TIKLAYIN - Ankara'ya girişlerine izin verilmeyen baro başkanları oturma eylemine başladı
Barolarla ilgili yasa çalışmasına tepki gösteren ve “Savunma yürüyor” sloganıyla 19 Haziran günü yürüyüşe geçen baro başkanları, Ankara girişinde polis engeline takılmıştı. Kocaeli Baro Başkanı Bahar Gültekin Candemir, konuya ilişkin şunları söyledi:
"Anıtkabir için biz randevu almıştık, Feyzioğlu gitti"
''Ankara–Eskişehir yolunda, bugün yürüyüşün başlayacağı yerde polis barikatları arasında fiili gözaltında bekliyoruz. Yaklaşık 60'a yakın baro başkanı yürüyüş gerçekleştirdi. Bir seremoni yapacaktık, Ankara Barosu başkanıyla buluşup şehrin içinden birkaç km yürüyüp Anıtkabir'e gidip Atamızın huzuruna çiçek koyacaktık. Pandemiden dolayı resmi tören yapılamıyor o yüzden Anıtkabir için biz randevu almıştık, hiç önemli değil TBB Başkanı Metin Feyzioğlu Anıtkabir'e gitti.
"Yürüyen Cumhuriyet'in baroların başkanları olarak maalesef bizi kriminalize edecek sözler sarf etmişti daha önce katıldığı bir tv programında. Biz o gün büyük bir üzüntüyle izledik. TBB Başkanı ekrana çıkıyor önce yürüyebilirler diyor, sonra 3 baroyu da hedef göstererek, kriminalize bir takım örgütlerle ilişkilendiren cümleler kuruyor.
"Davet değil randevu"
"Metin Feyzioğlu, 19 Mayıs ve 1 Haziran'da 80 baronun ve kendisinin de imzasını taşıyan demokratik hak kullanımını da ihtiva eden metinleri inkar ediyor. Adalet Bakanlığı'na biz de gittik. 200 Milletvekilinden kendisi randevu almıştı ama kendisi gelmedi baro başkanları gitti ve siyasi partilerin tüm grup başkanlarıyla görüştük. Bizim görüşme yaptığımız günlerde dahi kamuoyunda bazı Milletvekillerinin açıklamalarını üzüntüyle izledik. Şunu söylediler; davet ettik gelmediler. Onlar davet etmedi, biz randevu aldık ve bu randevuları hepsini baro başkanları olarak aldık iki Milletvekili ve Adalet Bakanlığı hariç. Adalet Bakanlığı görüşmesine Metin Feyzioğlu da geldi.
"Böl, parçala, yönet projesiyle etkisizleştirilmeye çalışılıyoruz"
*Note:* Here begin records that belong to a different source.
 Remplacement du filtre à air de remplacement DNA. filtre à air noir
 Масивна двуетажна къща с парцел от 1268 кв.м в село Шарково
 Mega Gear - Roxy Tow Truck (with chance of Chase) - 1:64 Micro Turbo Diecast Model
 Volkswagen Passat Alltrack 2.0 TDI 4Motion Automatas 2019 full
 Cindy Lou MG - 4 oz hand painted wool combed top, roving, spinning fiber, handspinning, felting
"Biz bu ülkede yaşayan tüm yurttaşlarımız savunma hakkını temsil eden yegane makamlarız. Biz savunma hakkını temsil ederken cübbeyi giyerken ki onurumuzdur bizim için cübbe. Kamu kurumu niteliğindeki meslek odalarımızın teminatıyla bu görevleri yapıyoruz. Türkiye'ye demokrasi getirmek adına en demokratik seçim sistemine sahip olan barolara maalesef bir takım baroların açıklamaları gerekçe gösterilerek böl, parçala, yönet projesiyle etkisizleştirilmeye çalışılıyoruz. Vatandaşın savunma hakkı birinci kuşak haktır, hak arama özgürlüğü adil yargılanma hakkının yegane temsilcisi de barolardır, avukatlardır. Avukatların dahil olmadığı yasa değişikliği çalışmaları kapılar ardında yapılıyor. Biz görüştük, diyalog kurduk yapmayın dedik anlattık. TBB Başkanımız bu açıklamaları yapmak yerine kendi imza koyduğu o bildirgelerdeki imza inkarı yerine 2014 yılında yaptığımız Barolar Birliği'nin yaptığı taslağı çıkartın şunu diyemiyor."
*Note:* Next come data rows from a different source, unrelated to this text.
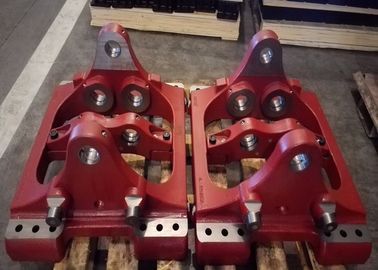 O ferro fundido feito sob encomenda parte o suporte com tratamento de superfície de sopro de tiro e de moedura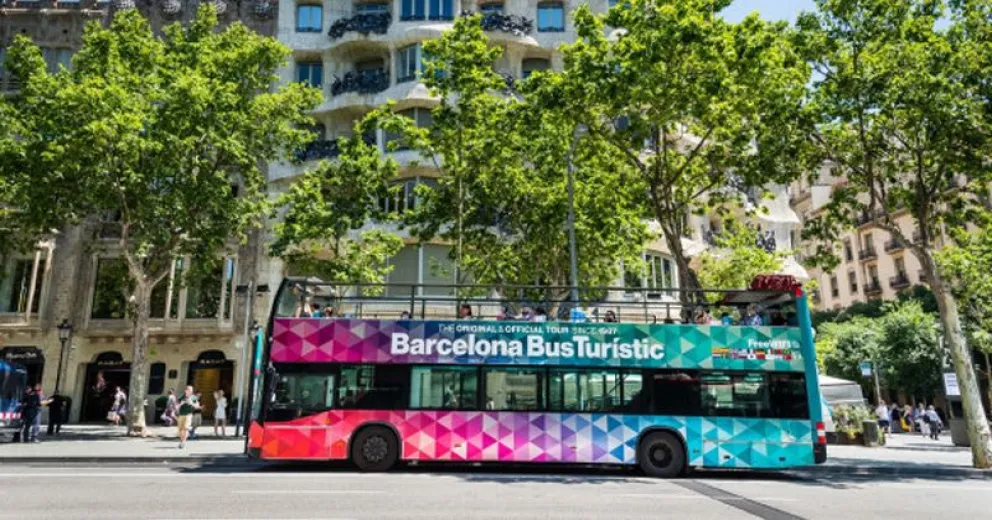Muchas persianas bajas en Barcelona y con escaso turismo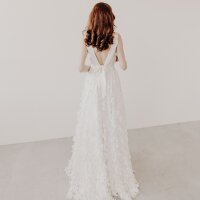 Bridal skirt ROSIE in 3d flower lace l silk satin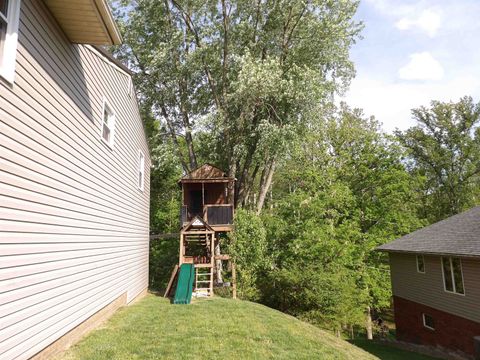 Tiny photo for 112 Hillcrest Court, Russell, KY 41169 (MLS # 60494)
"Milletvekillerine 'Bu bizim meselemizdir, gelmeyin' diyerek yola çıktık"
"Bahçeli sanıyorum farklı bir bilgilendirmeye muhatap olmuş. Siyasetle hiç alakası olmayan, yola çıkarken arayan değişik siyasi parti Milletvekillerine 'hayır, teşekkür ederiz desteğiniz için ama bu bizim meselemizdir, gelmeyin' diyerek biz bu yola çıktık.
"Polisler Gaziantep Baro Başkanı'nın kafasına vurdular kaşına geldi, beni de ittiler. Biz burada darbeye, engellemelere maruz kaldık. Bugün genç bir polise dedim ki 'biz sizin için de varız'. Biz herkes için varız."